L’arte di Patrizia Romano

“I piccoli poeti cantano cose sciocche, come certo si addice alla mente piccina che non sogna dei re preatlantidi e non vola sul mare tenebroso e inesplorato dalle isole fosche e dall’empie maree, dove si celano neri segreti misteriosi. La poesia vera non pensa ai fiori in boccio, agli uccelli trillanti, all’odor delle rose… ma ai fiori d’ebano aperti in boschi orrendi e al muto uccello lugubre annidato dove tra rami neri spira il vento”, scrisse un tempo Philips Howard. Parole antiche che si coniugano perfettamente con l’arte di Patrizia Romano. Le sue opere, infatti, sembrano scaturire da un’ispirazione composita ed esplosiva, ricca di colori ma anche di oscurità.

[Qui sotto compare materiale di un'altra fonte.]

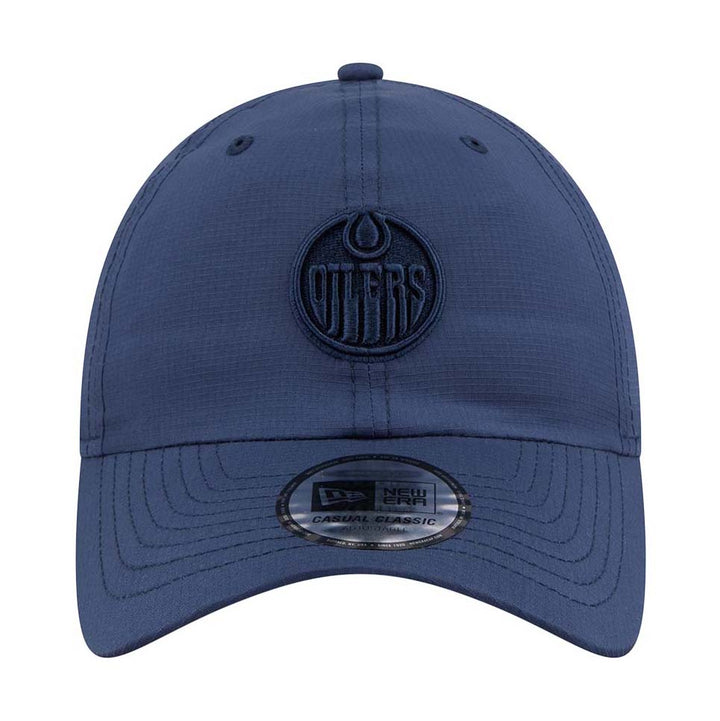 Edmonton Oilers Kids New Era Color Pack Navy Casual Classic Adjustable Hat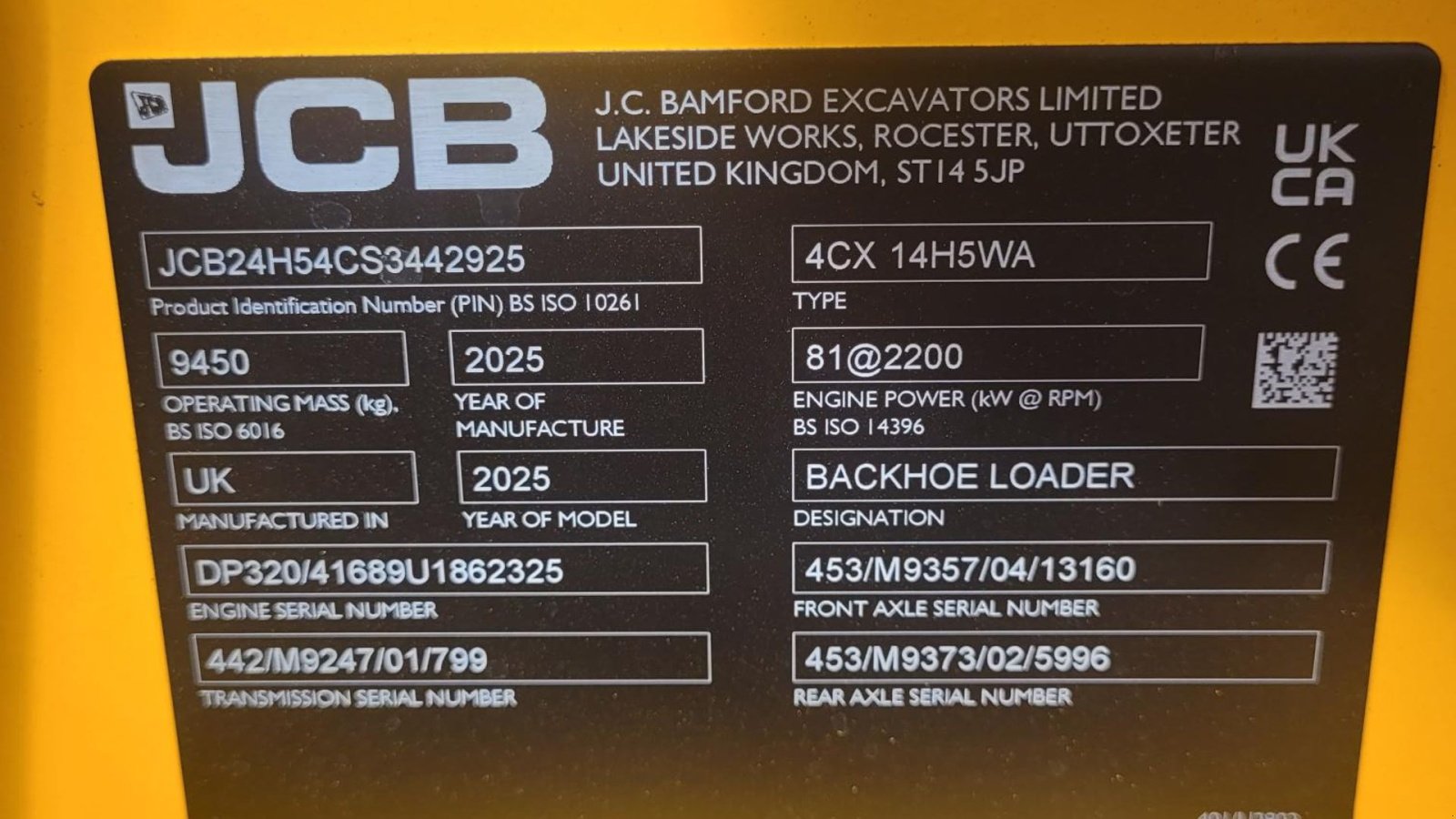 Sonstige Bagger & Lader of the type JCB 4CX, Gebrauchtmaschine in Hobro (Picture 4)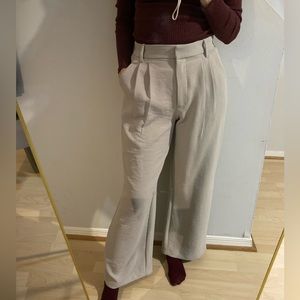 Elegant Gray Women's Pants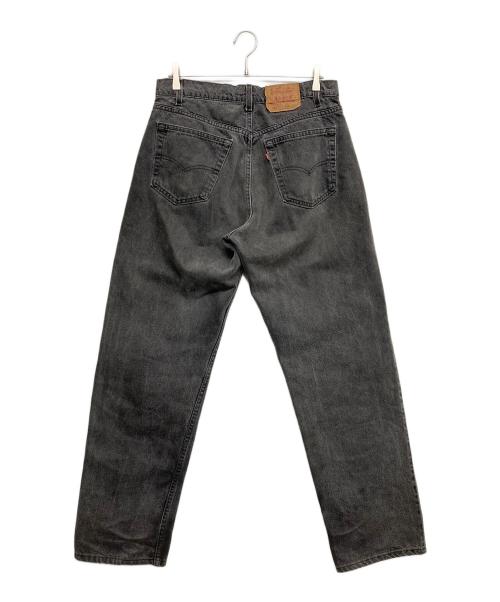 LEVI'S（リーバイス）LEVI'S (リーバイス) 554デニムパンツ ブラック サイズ:W34の古着・服飾アイテム
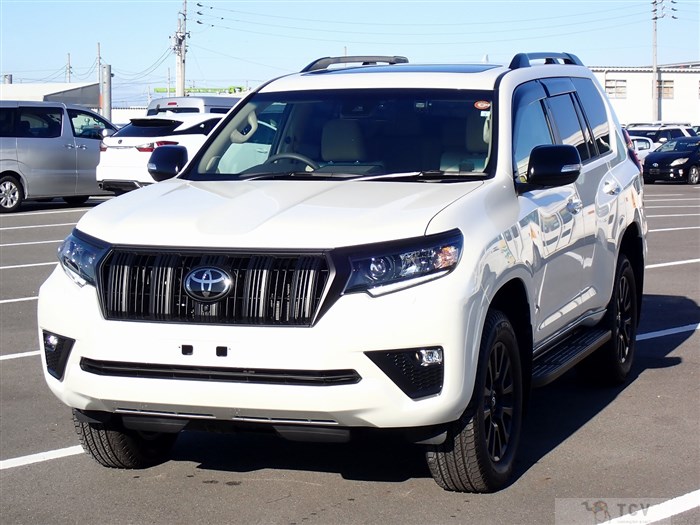 2023 Toyota Land Cruiser Prado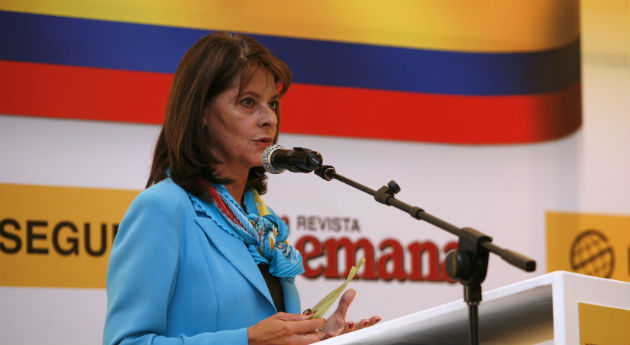 Marta Lucia Ramirez. 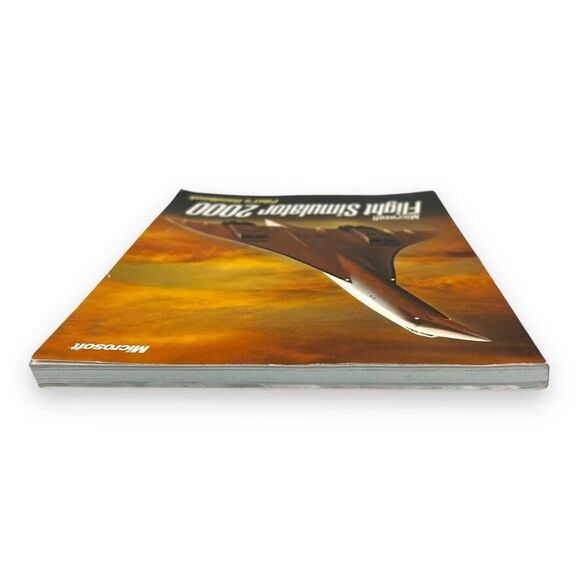 Microsoft Flight Simulator 2000 Pilot's HANDBOOK ONLY Manual Instruction NO GAME - Picture 12 of 14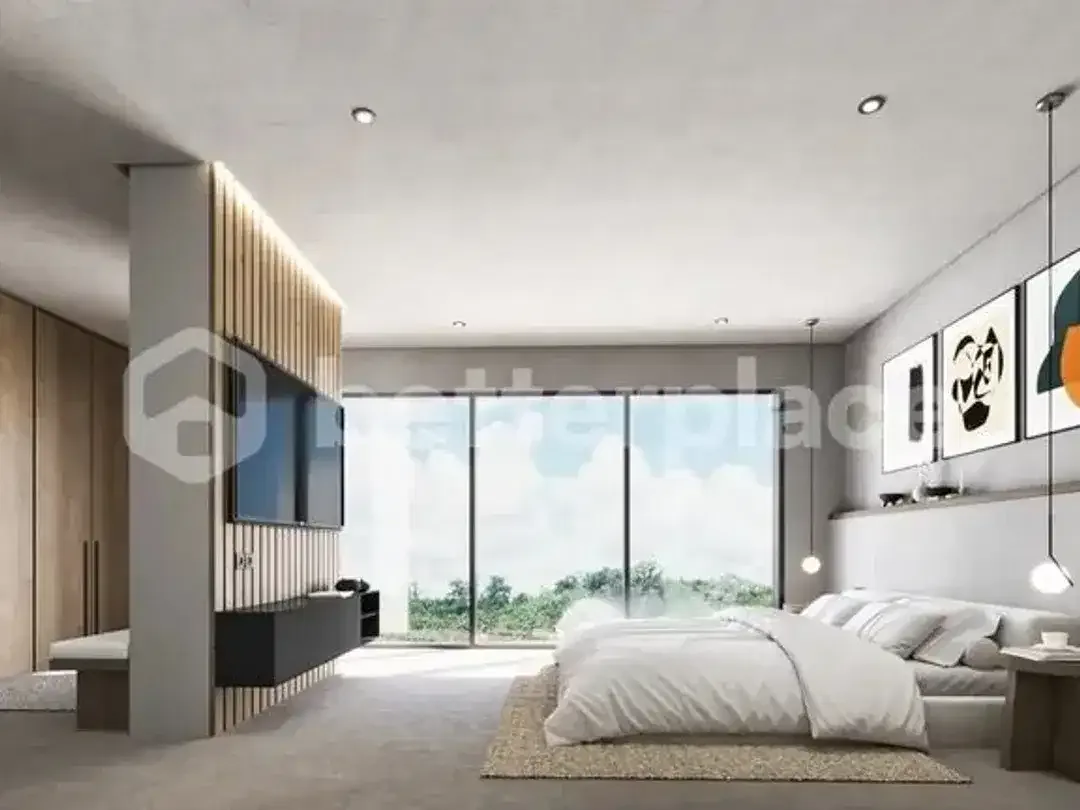 Japandi Elegance Above the Waves: Spacious 3-Bedroom Villa in Uluwatu - Image 5 of 8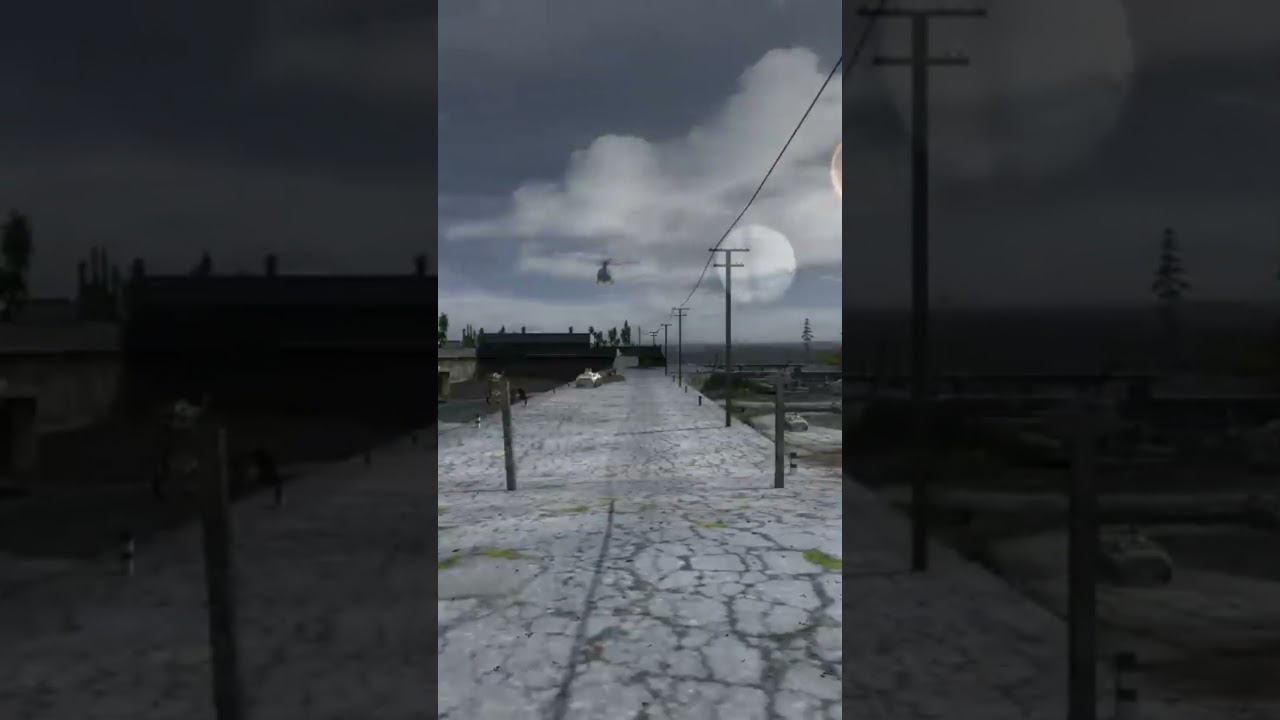 АСЫ ВЕРТОЛЕТНОГО ПИЛОТАЖА - Сталкер ОП 2.2 Mod Pack LSC #short #shorts смотреть онлайн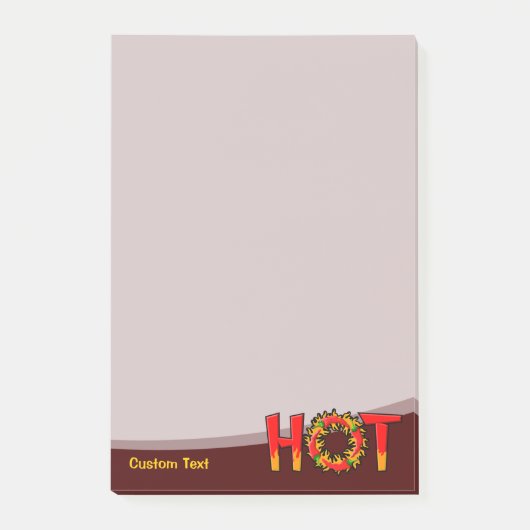 HOT POST-IT® NOTES (Voorkant)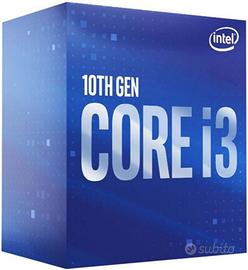 Intel Core I3 10100f 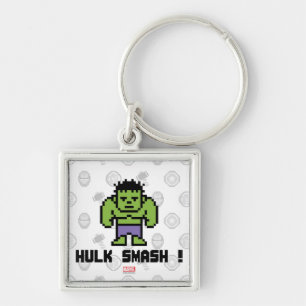 8Bit Hulk - Hulk Smash! Keychain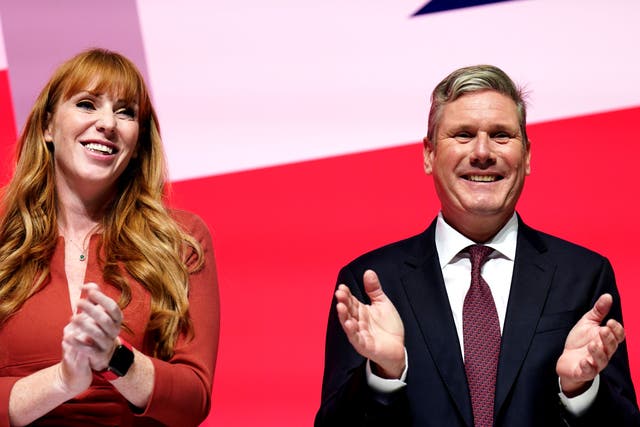 <p>Sir Keir Starmer is set to have led his party to victory with a 170-seat majority, according to an exit poll </p>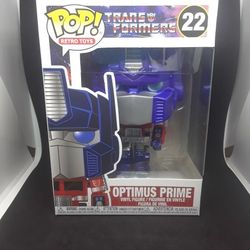 Funko Pop! Retro Toys: Transformers - Metallic Optimus Prime Amazon Exclusive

Le tele emanano suoni e movimento che sconvolgono sguardo, mente e cuore. Una fantasmagoria composita che riempie il campo visivo, acquisendo sempre più profondità man mano che l’occhio esplora e percepisce l’insieme. Nel vortice di allusioni, metafore ed allegorie, emergono le insidie della psiche e forse anche la proposta di un modello nuovo di mentalità e persino di società. Un incantesimo che si dipana attraverso le linee di colore e di energia, percorrendo scale misteriose che conducono in cantine e soffitte della mente abbandonate e dimenticate. Aprono nuove porte facendo liberamente circolare sangue e liquidi umori. I quadri di Patrizia più che catturare lo sguardo, si imprimono nella memoria, collocandosi nell’area normalmente destinata all’onirico, penetrando quindi profondamente nell’inconscio, sempre più dentro, fino all’anima. Una tempesta di emozioni che esplodono luminescenti, simili a prepotenti getti di sangue oppure a fontane di lava delle più imperiosi e prepotenti eruzioni dell’Etna.
Emozione che si somma a passione, dunque, alle quali si aggiungo tecnica e talento; una miscela sapiente, scaturita dall’istinto ed impreziosita dall’equilibrio di chi sa ed è cosciente dei propri mezzi, delle proprie possibilità e di quello che ha intorno. Una consapevolezza netta, chiara, che rende l’opera d’arte non un corpo estraneo al mondo reale, ma il tassello di un continuum geografico, umano e spirituale che emerge prepotente dai colori e dai tratti. Luoghi del vissuto e luoghi dell’immaginario che si susseguono in un vortice di colori, lasciando l’impronta del carattere, delle istanze più profonde e sentite.